Living with MS can feel like living with a variable energy setting. Some days your body feels steady and acts predictably. Other days, it changes the plan for you. Symptoms show up at inconvenient times. That unpredictability feels bigger when you’re far from home, especially on the kind of trips where everything is scheduled down to the minute.

For a long time, I thought a “successful” vacation meant packing in the itinerary. Early mornings, long walking days, multiple stops, the pressure to make the moment count because I’m someplace new and I traveled far to be there. I treated rest like something you earn after you do enough.

Then I had a summer in rural France that quietly rewired that definition.

Monica Lynne, latina looking back on a quiet street in Le Dorat, rural France, with a church tower in the background
Countryside France Taught Me a Better Way to Travel With MS

I was housesitting in Civray, and it was one of my first pet sits. I’d been trusted to care for a sweet brown puppy named Milo in a gorgeous countryside chateau. Most days were simple: slow walks, open air, a pace that did not ask me to prove anything. And yes, dancing in the kitchen while eating French bread.

I remember the moment the shift happened. One evening as the sun went down, Matt and I walked with Milo down a narrow grassy track that opened out near the edge of a farm. Milo took off through a field of rapeseed flower blooms, a dense sea of bright yellow that looks unreal in the sun. The plants were waving in the wind, taller than you expect, the whole field moving in sync. He ran straight through it, disappearing and reappearing, pure puppy joy.

I stood at the edge with my cane in one hand and the long leash in the other, and I took a deep breath and let the scene land. And in that moment, I felt something I hadn’t felt in a long time: lightness.

Not “endless stamina” lightness. More like my body wasn’t bracing. I wasn’t scanning for what might go wrong. I wasn’t negotiating with myself every few minutes. I was just there, and I felt okay inside myself.

And that’s the part I want to name clearly, because it’s easy to miss if you think travel only “counts” when it looks a certain way. That summer showed me that the success of a trip isn’t always measured in how far you went or how many excursions you did. Sometimes it’s measured in how relaxed you felt and how many moments of joy you get to take home with you.

What I expected vs what I got

What I expected:
A trip that looked impressive.

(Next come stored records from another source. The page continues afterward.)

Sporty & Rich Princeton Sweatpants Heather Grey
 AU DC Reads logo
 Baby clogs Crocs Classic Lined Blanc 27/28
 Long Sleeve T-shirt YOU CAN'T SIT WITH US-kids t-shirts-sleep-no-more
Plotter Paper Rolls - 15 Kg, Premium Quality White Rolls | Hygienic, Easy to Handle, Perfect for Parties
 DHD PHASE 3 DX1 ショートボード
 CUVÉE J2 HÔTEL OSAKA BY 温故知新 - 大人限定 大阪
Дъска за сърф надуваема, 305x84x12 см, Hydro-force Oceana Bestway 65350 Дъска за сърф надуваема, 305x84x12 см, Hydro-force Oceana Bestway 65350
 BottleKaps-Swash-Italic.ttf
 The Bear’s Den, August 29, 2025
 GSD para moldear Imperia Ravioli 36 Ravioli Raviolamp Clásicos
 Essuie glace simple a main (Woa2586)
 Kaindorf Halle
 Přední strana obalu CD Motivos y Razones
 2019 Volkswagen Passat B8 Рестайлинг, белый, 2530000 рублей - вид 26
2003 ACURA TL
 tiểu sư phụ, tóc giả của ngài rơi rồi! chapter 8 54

A schedule that stayed full. A version of me who could keep up.

What I got:
A home base. Space between moments. Enough calm that my body wasn’t on high alert all day.

That’s the shift. Slow travel is not a consolation prize. It’s a stable strategy. It creates room for rest before you’re depleted. It gives you flexibility when symptoms change. It lets you enjoy where you are instead of spending the whole trip trying to keep up with it.

The Short & Sweet

Choose one home base and stay put longer than you think you should. Plan one main thing a day and let the rest be optional. Build in rest before you’re wiped. Slow travel works because it gives you room to adjust in real time, without turning every day into a test of endurance.

Brown Labrador puppy resting on a couch by a lit fireplace in a countryside chateau in France
Milo’s favorite spot: the couch by the fire.